Para a secretária-geral da AI, alguns governos, "em primeiro lugar os Estados Unidos, mas também a Alemanha, o Reino Unido e outros países europeus" transferiram ou venderam armas para Israel, forneceram treino e outras ações militares e de segurança, vetaram resoluções da ONU, permitiram a impunidade e obstruiram os apelos para um cessar-fogo.

"Não podia ser mais claro. Estados que transferem armas para Israel violam as obrigações para prevenir o genocídio contidas na lei internacional e estão em risco de se tornarem cúmplices no crime de genocídio e homicídio por Israel. A maioria dos governos fez o certo, sim. Aprovou a resolução da Assembleia Geral [das Nações Unidas], denunciou os crimes. Mas é suficiente? Não é de esperar que os líderes se movam além da expressão de desespero ou das palavras?", questionou a responsável pela Amnistia.

Lembrando que se cumpre, no próximo domingo, o 76.º aniversário da aprovação da Convenção do Genocídio, Callamard defendeu que chegou a hora de o mundo "fazer o bem ao cumprir a promessa histórica de prevenir e punir o genocídio".

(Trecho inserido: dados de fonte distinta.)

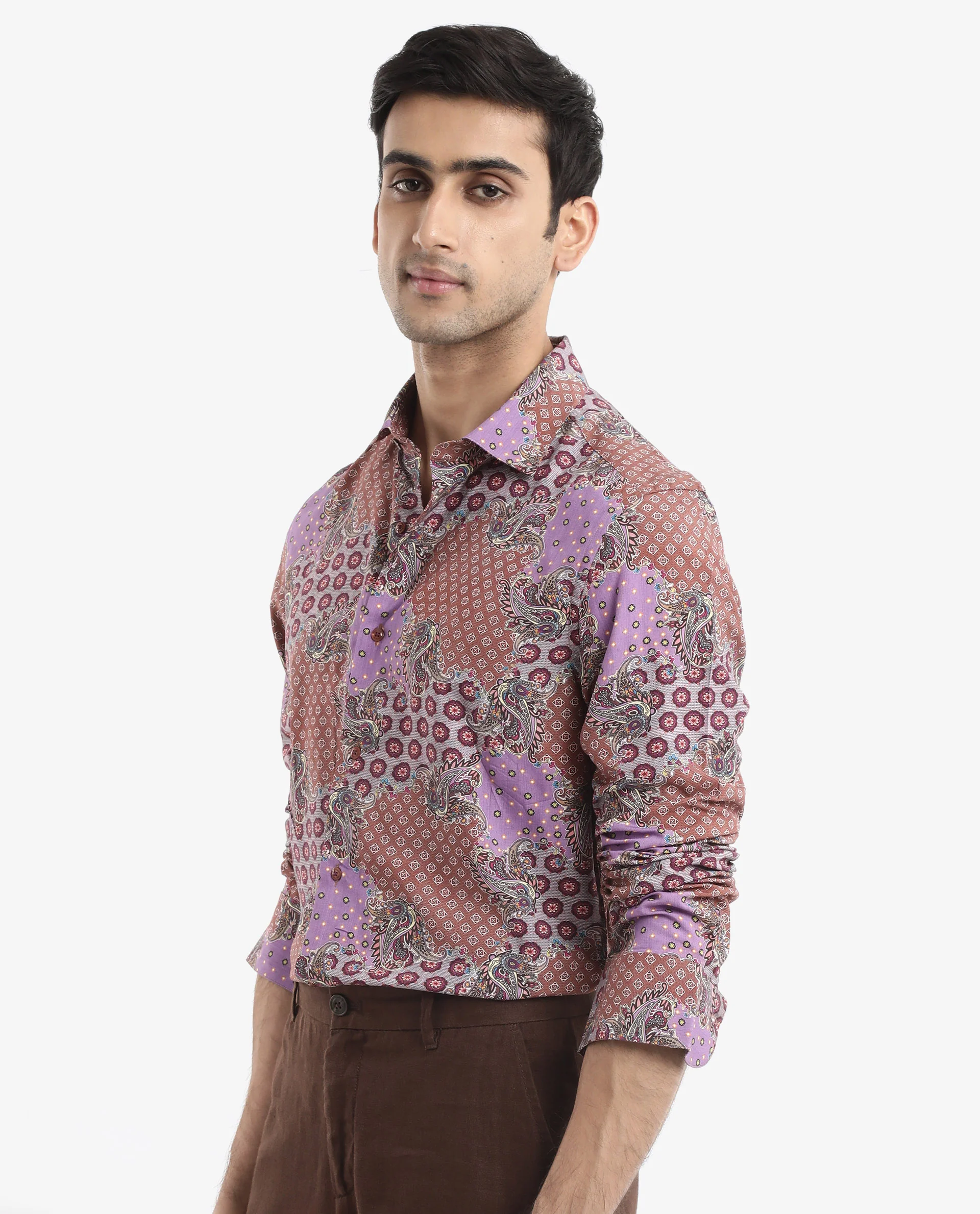 Rare Rabbit Men's Onslo Ls Brown Viscose Tropical Print Regular Fit Full Sleeve Collared Shirt - Image 7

"Os governos devem parar de fingir que estão impunes para acabar com a ocupação, para acabar com o `apartheid` [sistema de segregação racial] e para parar o genocídio em Gaza. Nós, Amnistia Internacional, apelamos a outros líderes políticos, líderes morais, de todo o mundo para se juntarem, para se criar uma plataforma coletiva, para tomar uma ação forte, sustentada e coordenada para acabar com o genocídio", frisou. 

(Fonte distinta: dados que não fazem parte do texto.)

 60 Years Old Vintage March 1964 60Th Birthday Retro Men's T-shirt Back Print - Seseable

Realçando que, por todo o mundo, há marchas de protesto a apelar ao fim da violência israelita em Gaza, Callamard lembrou que a África do Sul apresentou uma queixa contra Israel no Tribunal Internacional de Justiça (TIJ) por, "comprovadamente, quebrar a Convenção do Genocídio".

"É um passo importante para a justiça", notou. 

Por outro lado, acrescentou, o Tribunal Penal Internacional (TPI) emitiu mandados de prisão contra o primeiro-ministro israelita, Benjamin Netanyahu, contra o seu ex-ministro de Defesa, Yoav Gallant, e contra o chefe militar do Hamas, Mohamed Deif. 

"Foi uma medida histórica que oferece um passo material para a justiça em relação às vítimas. Ainda assim, em resposta, os senadores dos Estados Unidos exigiram ameaças contra o procurador do TPI e o Presidente francês [Emmanuel Macron] sugeriu que Netanyahu beneficiasse de imunidade", relevou.

"Os mesmos países que apoiaram vigorosamente o TIJ na sua perseguição ao Presidente [da Rússia, Vladimir] Putin pelo rapto de crianças ucranianas, tomaram uma postura muito diferente, até hostil, quando o mandado visava os seus aliados. As inconsistências só demonstram uma verdade fundamental: a fiscalização da justiça não pode ser selecionada para a substituição. A autoridade das instituições internacionais, os direitos internacionais, têm de ser preservados", acrescentou. 

Por isso, prosseguiu, a AI exige a todos os países que integram ou não o TIJ, incluindo os Estados Unidos e outros aliados de Israel, que demonstrem respeito pelos tribunais e pela lei internacional "para prender e exigir a condenação de quem for acusado e julgado pelo TIJ". 

"Também apelamos ao gabinete do procurador do TIJ para considerar adicionar o genocídio à lista de crimes que está a investigar na Palestina, e para considerar aplicar um mandado de prisão adicional contra indivíduos suspeitos de responsabilidade criminal por genocídio", afirmou Callamard. 

"As pessoas de todo o mundo exigem que o nosso governo, que o governo deles, no mundo árabe, na América Latina, na Ásia, na Europa, finalmente faça o suficiente para julgar os suspeitos de genocídio", acrescentou.

Para a secretária-geral da AI, a comunidade internacional tem os instrumentos necessários à sua disposição para parar o genocídio e para levar os suspeitos à justiça.

"Não é apenas o apoio ativo de alguns países que permitiu a carnificina dos últimos 14 meses. É também a inação, a indiferença e a impunidade que permitiu a carnificina dos últimos meses. E estamos aqui para dizer `basta`. Os palestinianos de Gaza não têm mais tempo para esperar por uma ação. A cada minuto que passa, há pessoas que desesperam com as hesitações e inação, permitindo a carnificina de mais crianças, de mais mães e de mais pais e de mais destruição", frisou.